“哦,原來是白三兄弟,在下劉子雍。幸會幸會。”
劉清明一臉的虛情假意表情,向白浪拱拱手,心想白三,白三良去個良字,你以為我就認不出你來了?
早就看穿了你身份,還在這跟我裝!
但臉上劉清明依然保持著微笑,隨后詢問道:“不知白兄來自江南何處?巧了,我在江南也有親人,姓白。”
“難不成我們還是舊交不成?”
白浪微微哦了一聲,笑道:“看來我與劉兄還真是有緣,既然如此,不如去喝一杯,前面便是洛陽城最有名的樂坊。何不一同前去,飲酒作樂,道也不失為一番風雅?”
“好啊,白兄請!”劉子雍一笑。
白浪走在前面,劉子雍緊跟著他。
洛陽城最大的樂坊,也叫技館,與青樓不同,這里雖然也是文人雅士尋歡作樂的地方,不過沒有青樓那中皮相生意。
來這里消遣的人,多是飲酒作樂,聽曲兒賞舞。
走進樂坊,白浪相當闊氣,而且表現出好爽的一面,直接要了一間清雅的房間,甩手就是一錠銀子打賞出去。
“兩位客官樓上請!”店小二招呼了一聲,在前方引領者劉清明和白浪,走上二樓,來到最里面的意見廂房之中。

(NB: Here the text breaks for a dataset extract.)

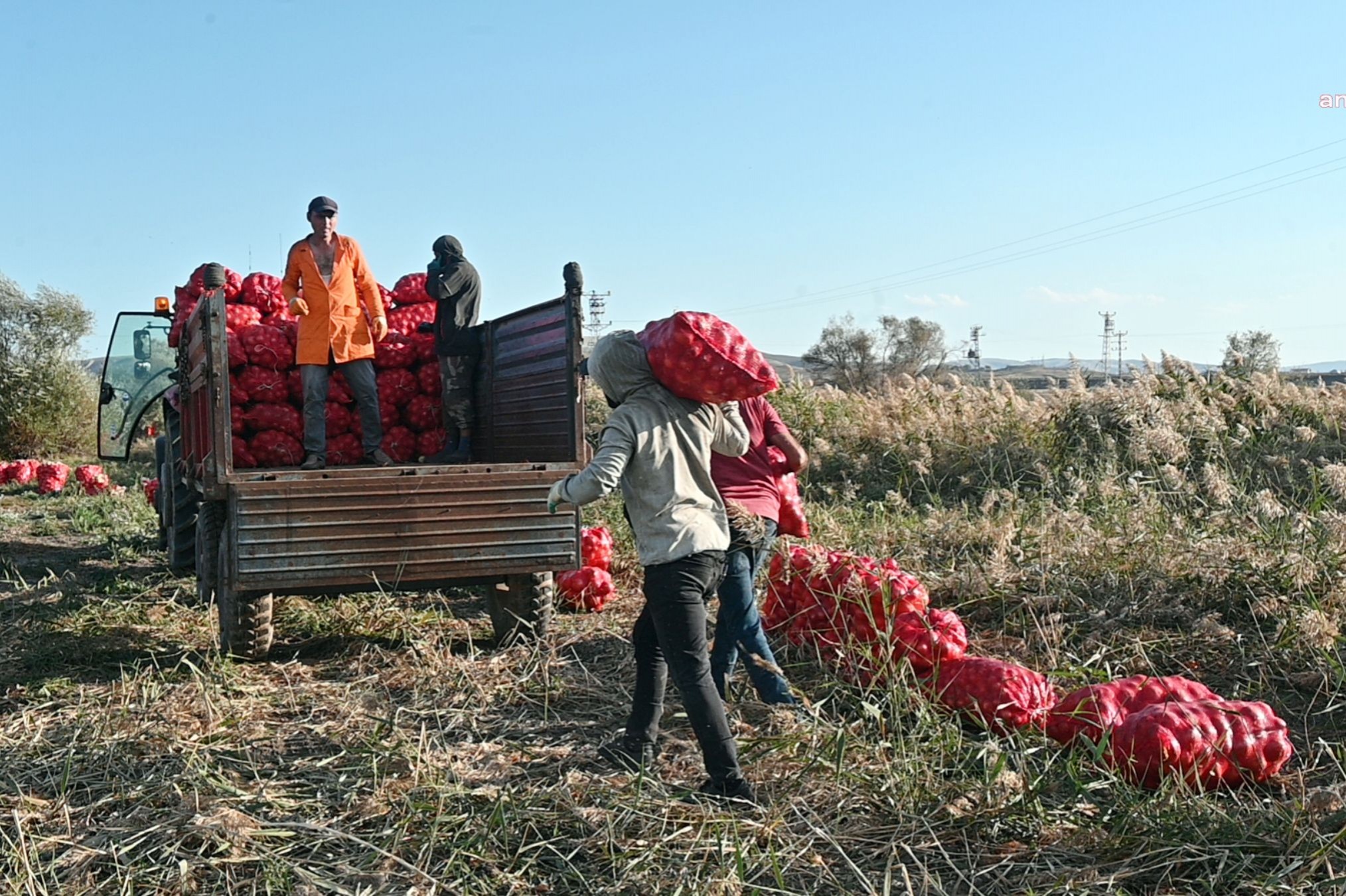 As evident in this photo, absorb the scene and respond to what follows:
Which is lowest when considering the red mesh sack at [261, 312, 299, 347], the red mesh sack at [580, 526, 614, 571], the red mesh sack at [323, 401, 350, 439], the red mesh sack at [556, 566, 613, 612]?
the red mesh sack at [556, 566, 613, 612]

“兩位客官,喜歡聽什么曲子,小的這就跟你們去安排。”
“劉兄,可有喜歡的曲目?”
“隨便什么都行,聽曲兒還在其次,與能到白兄這樣的文人雅士,劉某聽什么都覺得好聽!”劉清明臉不紅心不跳的說道。
“我靠,主播也太假了吧?”
“我猜,主播現在一定笑的很猥瑣。聽上去,怎么像是準備把白浪灌醉,要爆他菊花的意思呢?”
“聽得我,一身雞皮疙瘩啊!”
觀眾們嘲笑。
劉清明沒搭理他們,很快店小二端上來酒菜,一名端莊素雅的女子,抱著琵琶遮住半張臉,微微向兩人行禮之后,坐在兩人對面。
珠玉叮咚,白浪和劉清明兩人各懷心思。
“劉兄,白某先敬一杯。”白浪拿起酒壺,分別給自己和劉清明斟了一盞,雙手端起面前酒盞說道。
“主播,他給你下藥了!”
“我也看見了,他小手指動了下,肯定給你下藥了。”
“是不是迷藥,主播別喝,喝了你就玩完了。”
“小心菊花不保。”
直播間里,數千號人提醒劉清明。
劉清明看了眼面前的酒水,雙眼盯著白浪,笑的相當的曖昧。
嘲弄中,帶著我已經看穿了一切的神情。
“劉兄這是何意?”白浪佯裝不解。
“我不敢喝啊!”劉清明揶揄說道,別的沒有,就是眼睛多,雖然他沒注意到白浪的小動作,可觀眾們的眼睛還是雪亮的。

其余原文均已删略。